August 08, 2014
Sir, William Rhodes holds that “Without prudence as a value we are all at risk” August 8. Absolutely, that is only as long as we are prudent when being prudent. Let me give you the mother of examples about what I mean.
Bankers already looked at credit risks when deciding interest rates, amounts of exposure and other terms of their financial assets.
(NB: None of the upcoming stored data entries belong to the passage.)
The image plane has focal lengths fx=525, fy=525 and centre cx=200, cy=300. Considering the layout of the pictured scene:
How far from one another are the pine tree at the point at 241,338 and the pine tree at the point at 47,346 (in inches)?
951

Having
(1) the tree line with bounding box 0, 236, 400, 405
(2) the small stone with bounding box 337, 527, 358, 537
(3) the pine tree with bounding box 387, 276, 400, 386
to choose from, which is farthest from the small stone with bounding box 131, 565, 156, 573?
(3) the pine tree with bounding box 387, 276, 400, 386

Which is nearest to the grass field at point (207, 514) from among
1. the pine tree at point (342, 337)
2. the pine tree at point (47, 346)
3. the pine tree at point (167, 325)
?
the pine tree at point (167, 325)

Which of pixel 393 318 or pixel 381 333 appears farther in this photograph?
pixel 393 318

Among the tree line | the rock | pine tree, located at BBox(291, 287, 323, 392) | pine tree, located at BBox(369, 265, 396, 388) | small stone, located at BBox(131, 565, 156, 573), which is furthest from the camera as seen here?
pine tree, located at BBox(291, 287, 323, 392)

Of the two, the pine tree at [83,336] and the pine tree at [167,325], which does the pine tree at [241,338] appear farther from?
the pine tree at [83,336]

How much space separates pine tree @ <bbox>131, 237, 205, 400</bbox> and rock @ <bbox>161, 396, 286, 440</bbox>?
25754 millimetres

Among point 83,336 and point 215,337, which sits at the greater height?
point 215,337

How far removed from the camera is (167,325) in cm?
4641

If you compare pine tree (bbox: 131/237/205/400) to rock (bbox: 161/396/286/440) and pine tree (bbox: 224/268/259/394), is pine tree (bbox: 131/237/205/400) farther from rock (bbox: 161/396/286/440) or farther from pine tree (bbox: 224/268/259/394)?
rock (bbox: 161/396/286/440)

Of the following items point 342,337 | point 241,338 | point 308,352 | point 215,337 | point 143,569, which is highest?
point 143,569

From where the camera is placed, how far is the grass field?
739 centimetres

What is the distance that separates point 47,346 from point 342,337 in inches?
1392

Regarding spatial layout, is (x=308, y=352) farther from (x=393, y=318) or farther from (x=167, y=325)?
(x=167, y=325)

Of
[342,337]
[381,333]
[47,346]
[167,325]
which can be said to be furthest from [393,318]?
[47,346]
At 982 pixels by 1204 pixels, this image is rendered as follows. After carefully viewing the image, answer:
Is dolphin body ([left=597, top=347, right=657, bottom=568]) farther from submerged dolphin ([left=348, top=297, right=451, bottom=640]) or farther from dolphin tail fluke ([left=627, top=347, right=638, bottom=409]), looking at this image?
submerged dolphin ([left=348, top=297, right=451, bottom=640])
And they did so in a quite risk adverse way; if we remember Mark Twain’s saying “A banker lends you the umbrella when the sun shines and wants it back when it looks like it is going to rain”.
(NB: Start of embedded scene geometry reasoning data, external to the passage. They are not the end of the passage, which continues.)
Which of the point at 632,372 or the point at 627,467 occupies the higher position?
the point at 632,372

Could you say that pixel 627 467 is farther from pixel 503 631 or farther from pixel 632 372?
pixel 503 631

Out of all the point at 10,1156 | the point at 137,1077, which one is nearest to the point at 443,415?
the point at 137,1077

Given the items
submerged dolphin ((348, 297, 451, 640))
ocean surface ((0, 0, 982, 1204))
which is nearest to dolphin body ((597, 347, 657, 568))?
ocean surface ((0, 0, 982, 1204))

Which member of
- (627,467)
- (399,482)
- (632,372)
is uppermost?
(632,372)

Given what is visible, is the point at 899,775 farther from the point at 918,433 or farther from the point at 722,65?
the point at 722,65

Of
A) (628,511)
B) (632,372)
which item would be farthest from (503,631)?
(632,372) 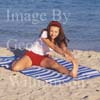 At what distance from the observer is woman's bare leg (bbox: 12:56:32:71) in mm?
7988

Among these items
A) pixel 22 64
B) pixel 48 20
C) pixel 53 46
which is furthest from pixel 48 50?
pixel 48 20

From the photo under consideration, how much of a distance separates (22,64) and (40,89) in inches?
39.5

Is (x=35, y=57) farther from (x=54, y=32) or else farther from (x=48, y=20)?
(x=48, y=20)

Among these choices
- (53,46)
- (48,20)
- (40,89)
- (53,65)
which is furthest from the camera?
(48,20)

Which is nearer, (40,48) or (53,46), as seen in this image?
(53,46)

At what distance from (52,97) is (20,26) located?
7.43m

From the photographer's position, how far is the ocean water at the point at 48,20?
40.7 ft

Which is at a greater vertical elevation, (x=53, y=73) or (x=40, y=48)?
(x=40, y=48)

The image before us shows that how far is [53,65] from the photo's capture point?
26.5 feet

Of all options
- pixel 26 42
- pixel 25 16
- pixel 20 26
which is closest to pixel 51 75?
pixel 26 42

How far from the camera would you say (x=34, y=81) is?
24.7 feet

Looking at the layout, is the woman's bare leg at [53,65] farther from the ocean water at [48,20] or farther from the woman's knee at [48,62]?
the ocean water at [48,20]

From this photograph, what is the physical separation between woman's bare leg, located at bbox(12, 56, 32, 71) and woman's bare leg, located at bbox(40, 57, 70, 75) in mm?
226

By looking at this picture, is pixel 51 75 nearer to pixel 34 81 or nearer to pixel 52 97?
pixel 34 81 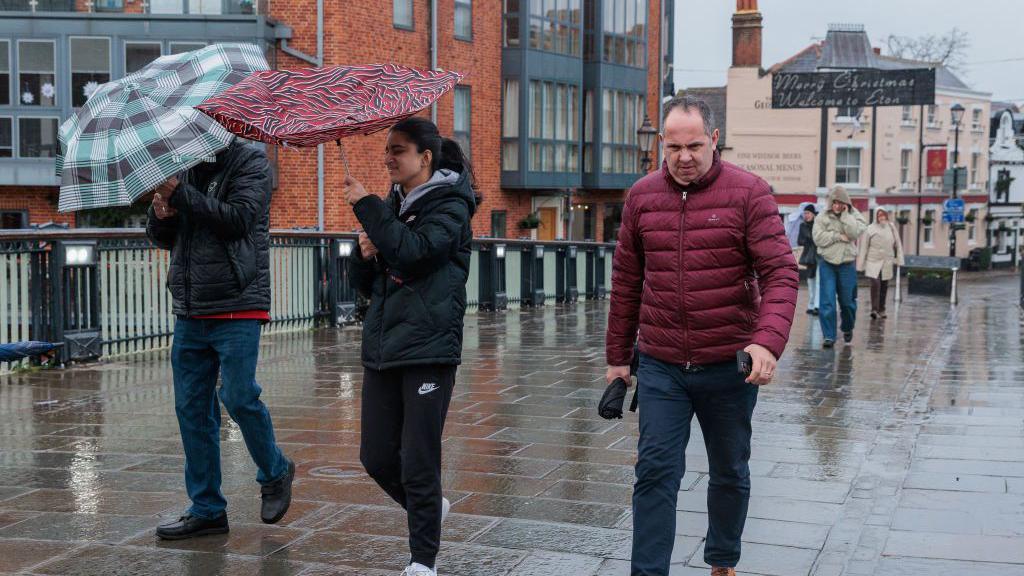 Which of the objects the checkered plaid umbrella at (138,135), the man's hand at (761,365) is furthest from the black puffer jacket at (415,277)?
the man's hand at (761,365)

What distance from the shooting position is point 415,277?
435 cm

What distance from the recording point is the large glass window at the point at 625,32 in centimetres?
3769

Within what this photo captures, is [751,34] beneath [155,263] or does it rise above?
above

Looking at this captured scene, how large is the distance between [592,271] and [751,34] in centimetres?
3577

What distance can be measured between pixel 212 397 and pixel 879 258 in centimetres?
1448

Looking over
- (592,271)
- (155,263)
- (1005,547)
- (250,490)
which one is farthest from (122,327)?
(592,271)

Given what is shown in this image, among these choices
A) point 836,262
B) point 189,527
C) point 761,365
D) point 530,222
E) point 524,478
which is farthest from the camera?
point 530,222

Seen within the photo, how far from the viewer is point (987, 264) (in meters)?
63.2

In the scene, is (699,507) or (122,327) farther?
(122,327)

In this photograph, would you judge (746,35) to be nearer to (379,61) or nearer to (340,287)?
(379,61)

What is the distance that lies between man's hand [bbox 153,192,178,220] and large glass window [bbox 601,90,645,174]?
3259 cm

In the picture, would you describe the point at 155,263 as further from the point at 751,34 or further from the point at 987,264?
the point at 987,264

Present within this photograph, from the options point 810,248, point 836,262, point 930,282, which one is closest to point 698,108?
point 836,262

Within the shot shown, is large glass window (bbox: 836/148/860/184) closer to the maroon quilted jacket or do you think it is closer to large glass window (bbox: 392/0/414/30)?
large glass window (bbox: 392/0/414/30)
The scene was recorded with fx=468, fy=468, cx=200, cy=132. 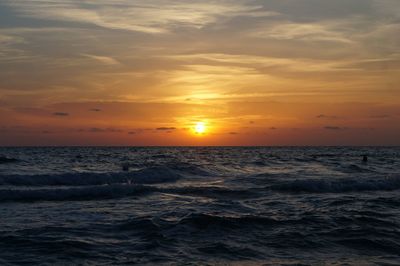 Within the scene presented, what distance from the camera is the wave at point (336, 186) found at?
24.0 meters

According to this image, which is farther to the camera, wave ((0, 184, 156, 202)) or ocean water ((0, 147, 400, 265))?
wave ((0, 184, 156, 202))

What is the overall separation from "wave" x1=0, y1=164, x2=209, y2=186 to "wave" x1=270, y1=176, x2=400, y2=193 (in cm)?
888

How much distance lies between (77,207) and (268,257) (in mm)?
9469

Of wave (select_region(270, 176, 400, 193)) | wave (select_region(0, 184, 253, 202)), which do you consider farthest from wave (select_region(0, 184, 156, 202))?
wave (select_region(270, 176, 400, 193))

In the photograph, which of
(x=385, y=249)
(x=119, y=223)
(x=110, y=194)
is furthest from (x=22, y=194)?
(x=385, y=249)

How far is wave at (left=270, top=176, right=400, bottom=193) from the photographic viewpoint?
78.7 feet

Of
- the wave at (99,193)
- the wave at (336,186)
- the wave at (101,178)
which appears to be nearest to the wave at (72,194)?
the wave at (99,193)

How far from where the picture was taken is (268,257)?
10.1 m

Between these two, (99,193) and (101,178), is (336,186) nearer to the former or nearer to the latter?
(99,193)

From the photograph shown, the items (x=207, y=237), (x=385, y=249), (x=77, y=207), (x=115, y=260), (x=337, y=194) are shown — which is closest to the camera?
(x=115, y=260)

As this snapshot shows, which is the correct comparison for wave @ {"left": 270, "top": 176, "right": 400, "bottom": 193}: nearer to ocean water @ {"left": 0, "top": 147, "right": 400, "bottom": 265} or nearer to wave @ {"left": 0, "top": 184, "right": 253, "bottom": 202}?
ocean water @ {"left": 0, "top": 147, "right": 400, "bottom": 265}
But then came the regulators and, in the name of their prudence, set also the capital requirements for banks based on the same perceived credit risks… something which suddenly allowed banks to earn much higher risk-adjusted returns on equity when lending to “The Infallible” than when lending to “The Risky”… and which of course resulted in distorting the allocation of bank credit in the real economy.
And so if we begin loading prudence on top of prudence, especially on top of the same prudence, that is when we enter into that Roosevelt territory of having nothing to fear as much as fear itself.
These nanny regulators from Basel, who basically force bankers to eat broccoli when they eat spinach and reward them with ice cream when eating chocolate cake, have now turned our economies into obese monsters, with none of the muscles provided by credits to the risky medium and small businesses entrepreneurs and start ups.